Note d’intention de l’auteur

Au moment de poser les premières lignes de ce roman pour raconter la musique dans sa réception, dans son éclosion, pour parler de composition, pour refléter la vibration du son et l’intensité du chant, j’en sentais l’inéluctable écriture sans avoir encore trouvé le sujet.

Alors que je pensais forger un compositeur fictif et son monde intérieur pour ce faire, un ami me demanda quelle avait été la vie de Giacomo Puccini. Simultanément, je me suis rendu compte que je ne le savais pas au sens strict (ayant bien évidemment une petite connaissance du sujet de par mes études d’histoire de la musique) et, d’autre part, qu’il n’existait pas vraiment d’ouvrage francophone pour faire vivre ce personnage dans une dimension romanesque.

J’ai découvert surtout que je savais intimement la vie de Puccini et que je la connaissais de l’intérieur, par la pratique de ses airs sensuels, éblouissants et paroxysmiques.

Je me suis imposé de ne pas lire d’abord de biographies de Puccini, pour garder la sécurité de ce sentiment familier.

J’ai découvert ensuite qu’il avait parlé de la composition, de ce qui l’animait.

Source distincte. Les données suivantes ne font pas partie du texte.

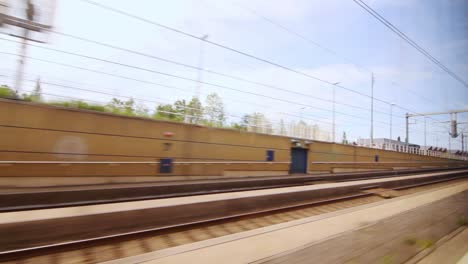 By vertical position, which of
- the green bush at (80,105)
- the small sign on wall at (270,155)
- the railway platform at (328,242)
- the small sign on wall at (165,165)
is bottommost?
the railway platform at (328,242)

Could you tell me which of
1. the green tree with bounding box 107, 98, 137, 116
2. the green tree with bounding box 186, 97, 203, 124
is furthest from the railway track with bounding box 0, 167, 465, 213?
the green tree with bounding box 186, 97, 203, 124

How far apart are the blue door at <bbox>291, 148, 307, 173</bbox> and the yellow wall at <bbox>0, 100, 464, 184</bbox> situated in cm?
266

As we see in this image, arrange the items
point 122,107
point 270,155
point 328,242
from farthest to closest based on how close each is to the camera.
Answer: point 270,155 → point 122,107 → point 328,242

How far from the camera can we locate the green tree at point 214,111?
14.3 meters

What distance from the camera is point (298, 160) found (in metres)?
19.5

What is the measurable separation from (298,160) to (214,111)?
9285 mm

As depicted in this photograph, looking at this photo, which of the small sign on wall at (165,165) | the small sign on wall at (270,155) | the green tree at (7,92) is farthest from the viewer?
the small sign on wall at (270,155)

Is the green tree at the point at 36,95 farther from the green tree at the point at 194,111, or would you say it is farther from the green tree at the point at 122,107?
the green tree at the point at 194,111

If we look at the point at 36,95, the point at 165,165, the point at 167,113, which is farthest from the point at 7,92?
the point at 165,165

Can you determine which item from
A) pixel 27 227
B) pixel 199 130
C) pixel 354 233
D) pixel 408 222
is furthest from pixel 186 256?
pixel 199 130

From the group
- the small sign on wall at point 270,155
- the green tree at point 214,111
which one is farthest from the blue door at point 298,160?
the green tree at point 214,111

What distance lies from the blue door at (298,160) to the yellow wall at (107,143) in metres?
2.66

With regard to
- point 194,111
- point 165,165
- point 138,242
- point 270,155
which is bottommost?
point 138,242

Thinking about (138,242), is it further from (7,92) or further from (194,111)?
(194,111) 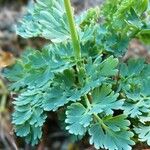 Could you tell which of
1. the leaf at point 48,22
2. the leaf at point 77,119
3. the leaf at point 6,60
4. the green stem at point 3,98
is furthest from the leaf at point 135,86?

Je voulais croire qu’il avait si bien réussi à transmettre ses motivations dans sa musique que son savoir-faire lui-même devait être une évidence à laquelle j’accéderais.

C’est après avoir écrit presque complètement Puccini l’aimait que j’ai vérifié, lu, cherché et constaté la justesse de ce que j’avais pressenti.

Simplement inspirée par son œuvre, je n’avais pas prévu pourtant que ce roman aurait des ressorts si dramatiques — par le destin même de ses protagonistes — et j’ai eu l’impression d’en être la première lectrice, émue dans cette traversée de passion et de bouleversements.